Look for the word "Toys" in the entries and copy each line where it appears.

#### Task material ####

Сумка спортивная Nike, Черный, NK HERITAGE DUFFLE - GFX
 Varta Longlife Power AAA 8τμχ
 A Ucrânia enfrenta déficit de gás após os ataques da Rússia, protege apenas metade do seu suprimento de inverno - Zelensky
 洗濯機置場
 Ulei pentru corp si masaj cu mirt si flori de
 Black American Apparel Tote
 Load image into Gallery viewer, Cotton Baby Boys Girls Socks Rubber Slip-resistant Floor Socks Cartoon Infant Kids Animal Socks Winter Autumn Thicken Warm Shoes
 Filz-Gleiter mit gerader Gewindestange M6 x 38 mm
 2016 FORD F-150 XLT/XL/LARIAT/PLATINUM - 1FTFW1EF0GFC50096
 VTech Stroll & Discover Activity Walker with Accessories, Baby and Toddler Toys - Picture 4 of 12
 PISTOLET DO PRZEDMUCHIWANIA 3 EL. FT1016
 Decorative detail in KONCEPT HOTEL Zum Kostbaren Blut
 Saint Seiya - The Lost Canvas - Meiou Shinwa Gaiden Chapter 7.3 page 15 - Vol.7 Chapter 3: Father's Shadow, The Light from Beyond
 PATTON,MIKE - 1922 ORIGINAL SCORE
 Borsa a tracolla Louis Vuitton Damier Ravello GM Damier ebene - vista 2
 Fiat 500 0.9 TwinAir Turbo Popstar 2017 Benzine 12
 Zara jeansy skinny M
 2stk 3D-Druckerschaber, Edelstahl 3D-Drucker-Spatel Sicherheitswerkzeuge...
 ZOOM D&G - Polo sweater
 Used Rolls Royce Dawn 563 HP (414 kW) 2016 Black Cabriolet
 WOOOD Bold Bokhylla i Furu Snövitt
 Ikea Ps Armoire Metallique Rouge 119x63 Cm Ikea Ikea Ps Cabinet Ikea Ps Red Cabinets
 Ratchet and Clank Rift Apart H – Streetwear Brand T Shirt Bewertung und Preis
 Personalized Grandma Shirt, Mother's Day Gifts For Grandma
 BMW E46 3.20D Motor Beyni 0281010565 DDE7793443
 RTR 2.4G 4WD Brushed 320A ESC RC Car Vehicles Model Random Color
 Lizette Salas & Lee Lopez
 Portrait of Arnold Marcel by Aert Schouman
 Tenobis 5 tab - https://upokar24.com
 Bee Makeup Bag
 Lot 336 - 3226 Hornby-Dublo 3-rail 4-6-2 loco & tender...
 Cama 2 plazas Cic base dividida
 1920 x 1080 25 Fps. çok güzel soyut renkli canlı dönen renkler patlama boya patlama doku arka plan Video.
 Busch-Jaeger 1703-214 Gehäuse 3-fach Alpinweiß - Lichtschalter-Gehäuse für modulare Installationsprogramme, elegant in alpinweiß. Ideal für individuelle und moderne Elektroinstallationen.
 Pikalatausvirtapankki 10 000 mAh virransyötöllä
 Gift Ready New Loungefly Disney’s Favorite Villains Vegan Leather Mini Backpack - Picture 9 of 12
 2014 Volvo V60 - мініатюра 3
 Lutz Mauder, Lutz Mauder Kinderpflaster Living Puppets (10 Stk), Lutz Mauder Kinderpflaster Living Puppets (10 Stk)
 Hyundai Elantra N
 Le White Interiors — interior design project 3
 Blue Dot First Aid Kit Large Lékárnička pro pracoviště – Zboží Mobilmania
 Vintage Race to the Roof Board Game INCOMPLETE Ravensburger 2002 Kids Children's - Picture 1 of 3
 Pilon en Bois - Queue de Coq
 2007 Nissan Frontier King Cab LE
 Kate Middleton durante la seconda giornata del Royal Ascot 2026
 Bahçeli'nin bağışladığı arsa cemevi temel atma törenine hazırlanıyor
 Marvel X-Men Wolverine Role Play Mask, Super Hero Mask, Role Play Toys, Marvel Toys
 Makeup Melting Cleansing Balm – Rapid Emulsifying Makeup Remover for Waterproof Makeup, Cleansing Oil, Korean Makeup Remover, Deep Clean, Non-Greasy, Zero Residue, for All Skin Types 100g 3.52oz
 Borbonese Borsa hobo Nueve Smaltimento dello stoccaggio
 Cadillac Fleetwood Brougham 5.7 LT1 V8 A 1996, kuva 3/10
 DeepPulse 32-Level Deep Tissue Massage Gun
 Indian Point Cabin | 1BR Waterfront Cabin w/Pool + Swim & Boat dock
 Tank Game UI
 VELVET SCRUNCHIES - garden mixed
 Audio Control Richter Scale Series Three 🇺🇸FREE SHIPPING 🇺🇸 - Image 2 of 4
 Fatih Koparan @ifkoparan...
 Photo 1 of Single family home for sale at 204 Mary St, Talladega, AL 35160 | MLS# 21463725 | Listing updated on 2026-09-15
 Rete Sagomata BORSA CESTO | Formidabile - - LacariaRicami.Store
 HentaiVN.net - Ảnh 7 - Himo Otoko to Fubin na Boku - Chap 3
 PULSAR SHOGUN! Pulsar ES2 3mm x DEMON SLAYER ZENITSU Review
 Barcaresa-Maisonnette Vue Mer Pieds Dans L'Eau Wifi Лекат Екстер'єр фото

####

● Problem solution
 VTech Stroll & Discover Activity Walker with Accessories, Baby and Toddler Toys - Picture 4 of 12
 Marvel X-Men Wolverine Role Play Mask, Super Hero Mask, Role Play Toys, Marvel Toys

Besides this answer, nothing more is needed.